Little Colorado River
Insights
The upper Little Colorado is about as far from the muddy desert river most people picture as a trout stream gets. It starts as snowmelt and springs off Mount Baldy — Arizona's second-highest peak at over 11,400 feet — and runs cold and clear through the meadows of Greer at more than 8,000 feet before the plateau flattens and warms it toward Springerville. This is small water: the USGS gauge at Greer typically reads in the low single digits to teens of CFS in summer, so plan on wading a creek, not floating a river. What sets it apart is that it's one of the few places you can cast to a wild, native Apache trout — Arizona's state fish and a federally managed recovery species — in its own historic water, alongside stocked and holdover rainbows and wild browns.
It fishes like the pocket-water meadow stream it is. You wade it and fish it small and stealthy: the water through Greer is open and often clear enough that fish see you coming, so an upstream presentation, light tippet, and low profile matter more than fly selection. A dry-dropper is the workhorse — a Purple Haze, Elk Hair Caddis, or Chubby up top with a Pheasant Tail or Hare's Ear below — worked into the deeper pockets, undercut banks, and riffle seams.
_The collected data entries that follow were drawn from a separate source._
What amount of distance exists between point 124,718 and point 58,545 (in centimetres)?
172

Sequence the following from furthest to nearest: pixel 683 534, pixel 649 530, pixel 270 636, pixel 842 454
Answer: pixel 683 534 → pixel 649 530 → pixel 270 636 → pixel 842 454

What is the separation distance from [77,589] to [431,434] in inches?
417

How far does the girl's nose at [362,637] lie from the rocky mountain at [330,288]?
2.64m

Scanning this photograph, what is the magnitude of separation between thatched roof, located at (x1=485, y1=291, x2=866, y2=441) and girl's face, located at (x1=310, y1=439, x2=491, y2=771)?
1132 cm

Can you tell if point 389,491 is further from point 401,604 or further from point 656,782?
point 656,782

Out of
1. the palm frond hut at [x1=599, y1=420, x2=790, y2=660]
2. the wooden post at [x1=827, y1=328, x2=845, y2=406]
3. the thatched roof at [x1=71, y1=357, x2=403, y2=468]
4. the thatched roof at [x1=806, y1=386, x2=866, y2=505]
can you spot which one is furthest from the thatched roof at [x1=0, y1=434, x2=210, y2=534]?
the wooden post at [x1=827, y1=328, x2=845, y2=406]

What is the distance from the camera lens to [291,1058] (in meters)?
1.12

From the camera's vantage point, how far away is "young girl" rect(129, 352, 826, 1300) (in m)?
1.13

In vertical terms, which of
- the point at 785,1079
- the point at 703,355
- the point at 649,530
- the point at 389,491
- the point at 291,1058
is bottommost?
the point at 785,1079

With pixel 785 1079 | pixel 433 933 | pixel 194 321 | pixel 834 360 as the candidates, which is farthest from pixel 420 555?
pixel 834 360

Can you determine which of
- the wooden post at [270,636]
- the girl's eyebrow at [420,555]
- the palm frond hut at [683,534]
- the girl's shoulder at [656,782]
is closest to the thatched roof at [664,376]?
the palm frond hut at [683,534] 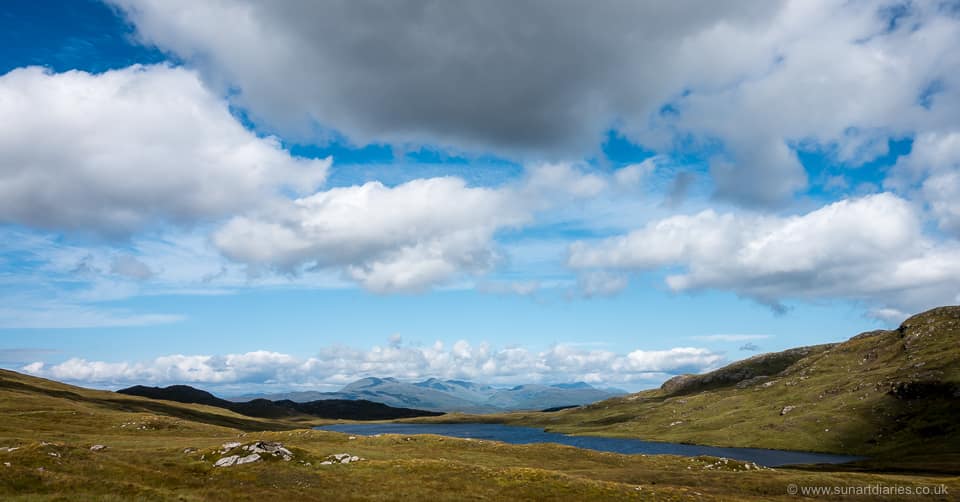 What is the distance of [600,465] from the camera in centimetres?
8519

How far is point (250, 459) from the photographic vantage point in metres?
56.4

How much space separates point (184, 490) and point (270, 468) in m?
13.0

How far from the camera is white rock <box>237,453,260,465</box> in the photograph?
182 ft

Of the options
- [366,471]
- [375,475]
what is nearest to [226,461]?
[366,471]

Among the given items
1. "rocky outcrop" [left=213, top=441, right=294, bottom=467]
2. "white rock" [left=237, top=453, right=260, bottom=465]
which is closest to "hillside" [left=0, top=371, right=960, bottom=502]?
"rocky outcrop" [left=213, top=441, right=294, bottom=467]

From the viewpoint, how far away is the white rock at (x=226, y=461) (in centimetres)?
5447

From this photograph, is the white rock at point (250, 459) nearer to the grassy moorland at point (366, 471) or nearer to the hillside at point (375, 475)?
the hillside at point (375, 475)

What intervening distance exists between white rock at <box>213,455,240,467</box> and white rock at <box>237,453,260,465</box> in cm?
59

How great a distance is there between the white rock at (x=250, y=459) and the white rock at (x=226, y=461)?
0.59 metres

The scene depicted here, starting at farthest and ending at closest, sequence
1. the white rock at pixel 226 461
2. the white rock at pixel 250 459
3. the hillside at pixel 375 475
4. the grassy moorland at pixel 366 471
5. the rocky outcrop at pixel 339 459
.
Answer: the rocky outcrop at pixel 339 459
the white rock at pixel 250 459
the white rock at pixel 226 461
the grassy moorland at pixel 366 471
the hillside at pixel 375 475

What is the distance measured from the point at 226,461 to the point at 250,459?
7.92 ft

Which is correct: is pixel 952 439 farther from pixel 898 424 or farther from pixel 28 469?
pixel 28 469

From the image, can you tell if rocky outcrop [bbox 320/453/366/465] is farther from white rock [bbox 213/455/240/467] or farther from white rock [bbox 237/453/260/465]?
white rock [bbox 213/455/240/467]

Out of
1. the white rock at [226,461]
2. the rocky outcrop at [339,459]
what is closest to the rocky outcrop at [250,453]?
the white rock at [226,461] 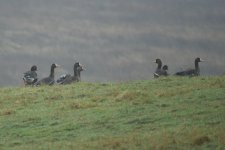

Terrestrials earn their keep along the meadow banks from midsummer on. Arizona Game & Fish stocks catchable rainbows and Apache trout through the Greer mainstem and at the West Fork's Sheep Crossing from roughly May through September, so summer is the busy, family-friendly season; the water gets low and warm by late August. The Oct 1–Apr 30 catch-and-release window (artificial fly and lure only on the mainstem) is the quieter, more technical time to fish it.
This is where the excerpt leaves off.